Financial checklist for new small business owners

When it comes to finances, your small business clients—and especially new small business clients—have their work cut out for them. Especially at tax time.

Not only do they have to manage their business expenses, but they also have to look after their personal finances as well. And as many small business owners understand all too well, business and personal priorities don’t always align. Effectively managing both is a true balancing act (no pun).  That’s where you can help not only as their insurance agent, but also as a business consultant.

While it is understandably tempting to dip into personal funds for start-up ventures and expenses, it’s equally important they keep tabs on their own money as well. Effectively doing so will help ensure they don’t lose sight of their personal finances—or their sanity.
Share these six points below as a checklist below to not only help your new business owner-client manage their personal and business finances, but also ensure that both thrive:

New business owner financial and tax tips

1. Separate personal and business accounts: As a startup entrepreneur, this may seem obvious but is in fact much harder than many new business owners realize. Being so understandably invested in your business lends itself to easily losing sight of where your business ends and you begin. While that level of passion and commitment is admirable, it shouldn’t apply to your finances.

Keeping your business and personal finances separate is important for a number of reasons:

  • It ensures you do not place the burden of your business financials on your personal funds.
  • It will lend your business more credit and legitimacy when it is viewed and structured as a separate entity.
  • It will save you from a world of pain and headache when it comes time to deducting tax expenses.
  • It will allow your business to build credit, further protecting your personal finances.
  • It will spare you from having to assume personal liability in the event that your business is ever negatively impacted.

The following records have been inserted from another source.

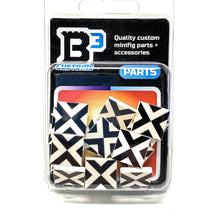 Load image into Gallery viewer, Kitchen Tile / Wallpaper Part Pack made using LEGO parts - B3 Customs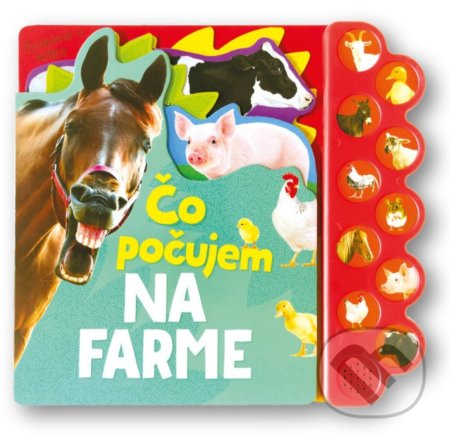 Čo počujem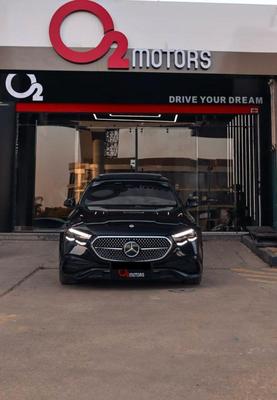 Mercedes E 200 2027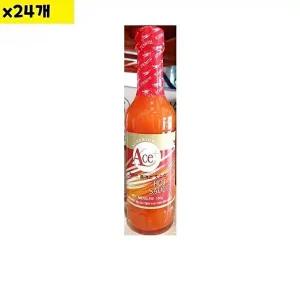 [셀러허브 패션][JHNR4S2T_52EN]도매 유통 업송요 핫소스 180ml x24개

When you first launch your business, make the first order of operations to open separate business checking and savings accounts with corresponding debit and credit cards solely for business expenses. This is a great place to start for separating your business and personal accounts.

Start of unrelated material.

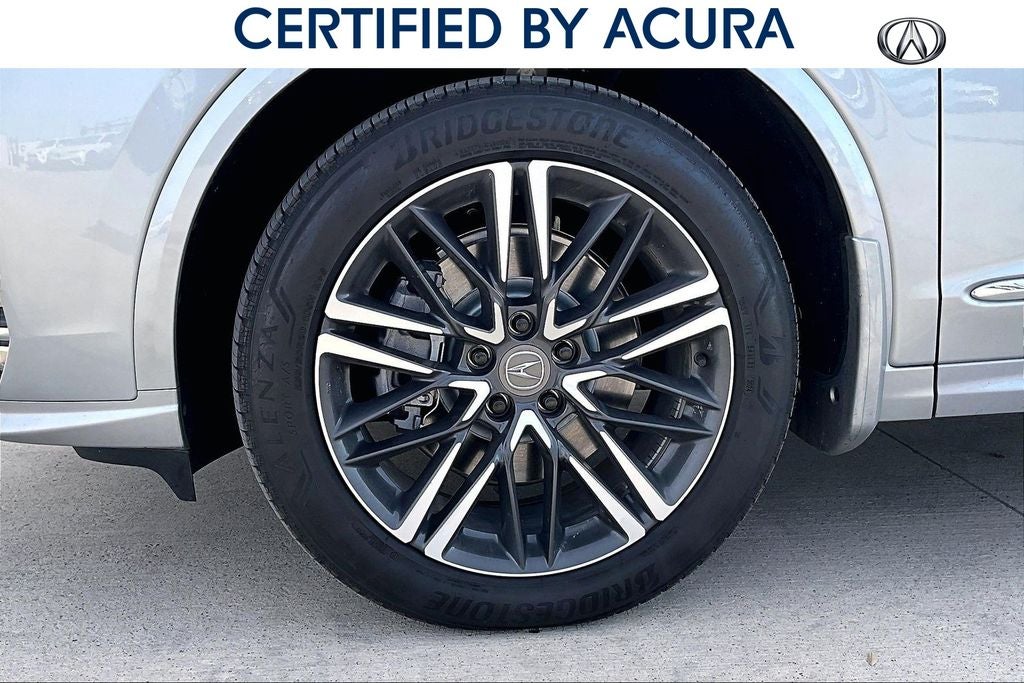 2025 Acura MDX Advance Package SH-AWD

2. Have a good buffer: As the old adage states, put away for a rainy day because at some point, it will rain.  While it’s important to remain positive, odds are that business won’t always be booming month after month, especially when you’re initially attempting to launch it. Inconsistent income will likely be a reality for at least a while. Especially if the nature of your business is seasonal, it’s vital to have enough to be able to weather the slow seasons. A general rule of thumb is to budget enough to cover your expenses for at least three months. If you can somehow manage to put aside more than that, even better.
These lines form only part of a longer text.